WORK TASK: The records that follow are to be transcribed in full, without their images.
── PROVIDED RECORDS ──
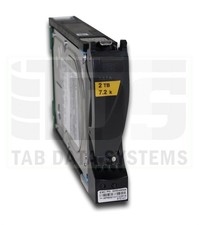 EMC Data Domain 005049568 2TB SATA Hard Drive HDD 7.2K 3.5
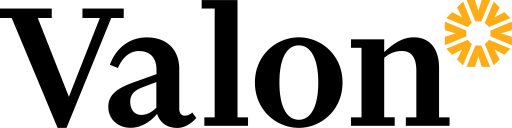 valon mortgage logo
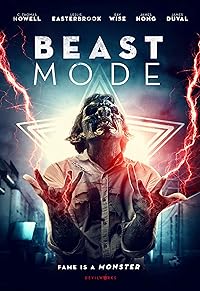 Beast Mode 2020 Hindi Dubbed 480p 720p 1080p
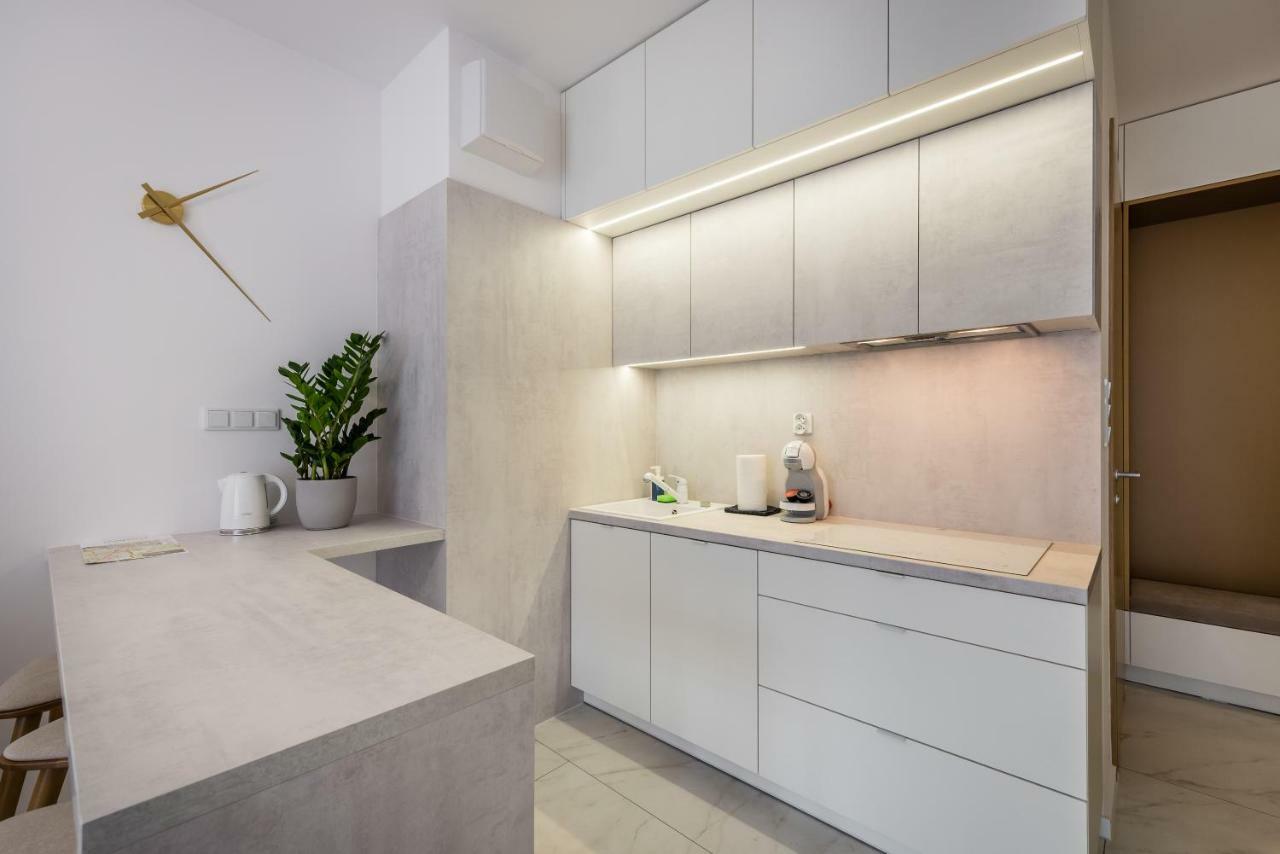 Apartament Golden Old Town Rakowicka Deluxe Wawelofts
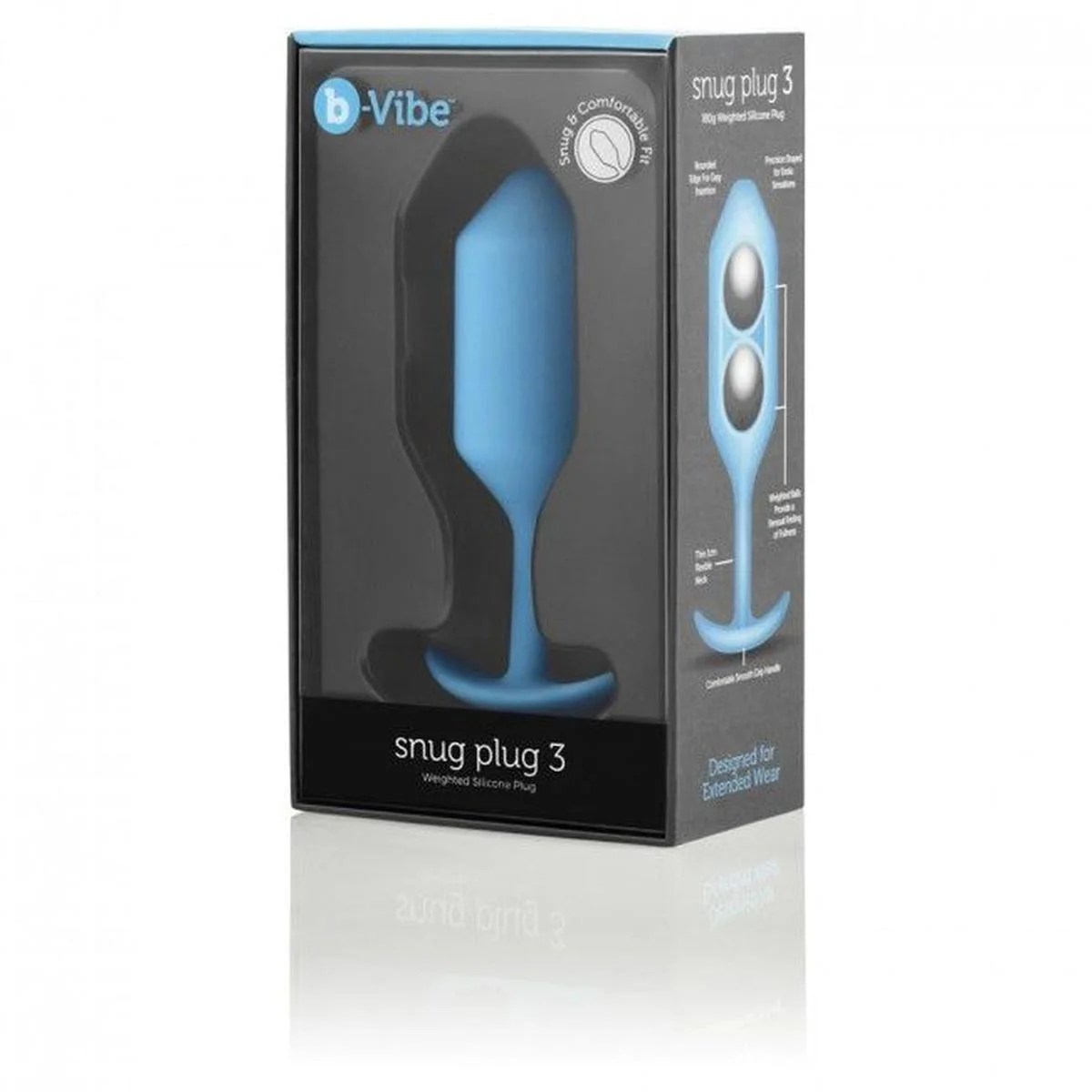 Analplug 
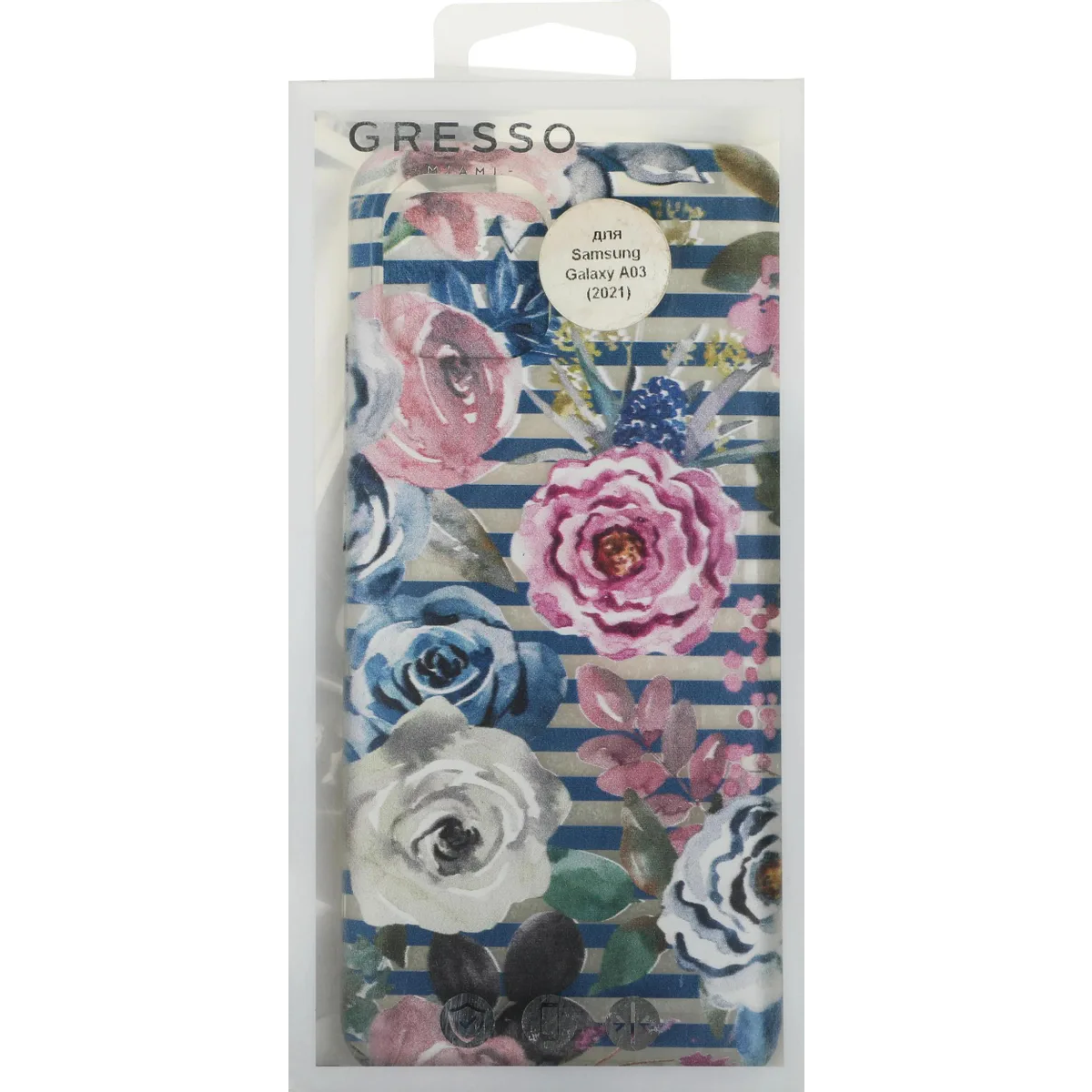 Чехол Gresso GR17AAAE9323 - фото 7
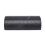 High Density Gym Exercise Foam Roller Yoga Foam Roller-Black 1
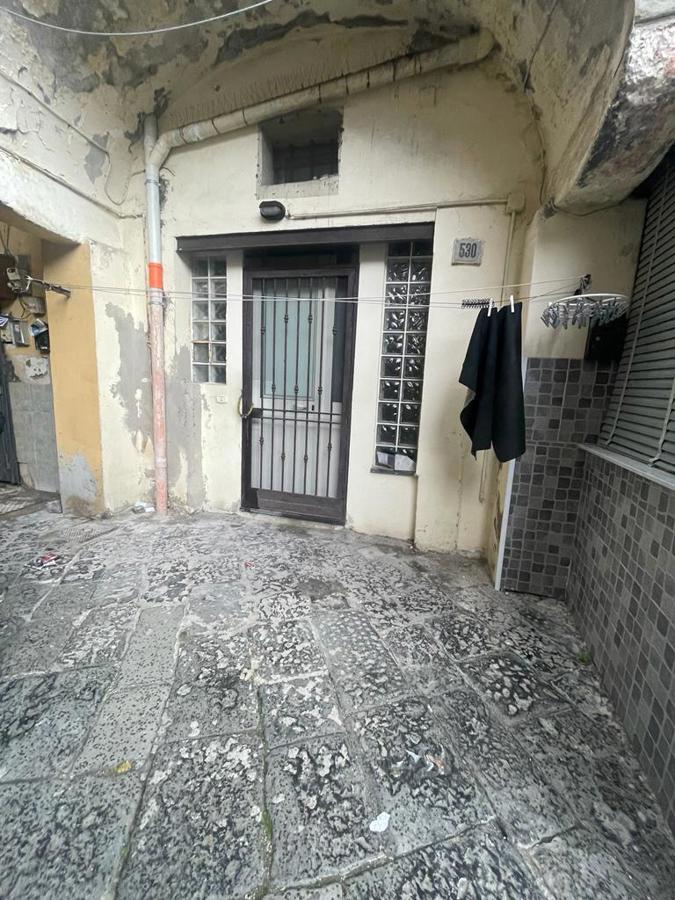 Foto 4 di 4 - Appartamento in affitto a Napoli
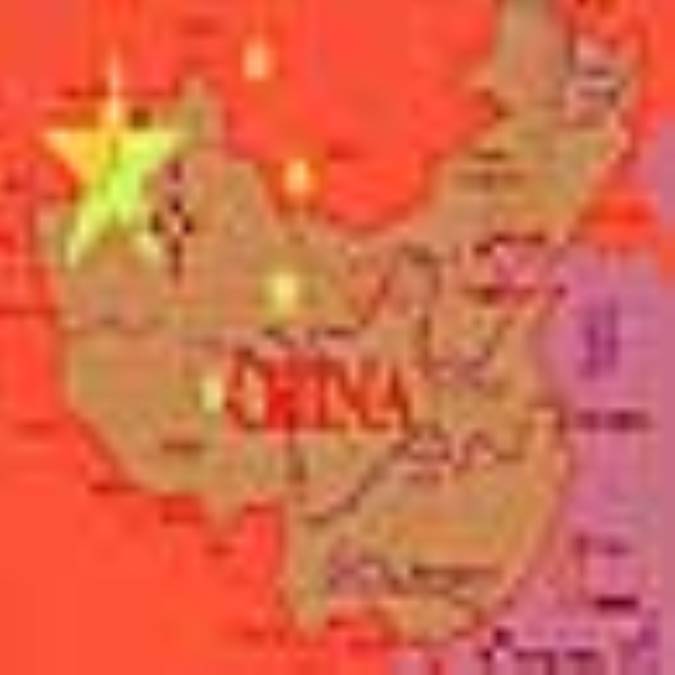 چين قبل از انقلاب، چین بعد از انقلاب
───
ANSWER SECTION:
 EMC Data Domain 005049568 2TB SATA Hard Drive HDD 7.2K 3.5
 valon mortgage logo
 Beast Mode 2020 Hindi Dubbed 480p 720p 1080p
 Apartament Golden Old Town Rakowicka Deluxe Wawelofts
 Analplug 
 Чехол Gresso GR17AAAE9323 - фото 7
 High Density Gym Exercise Foam Roller Yoga Foam Roller-Black 1
 Foto 4 di 4 - Appartamento in affitto a Napoli
 چين قبل از انقلاب، چین بعد از انقلاب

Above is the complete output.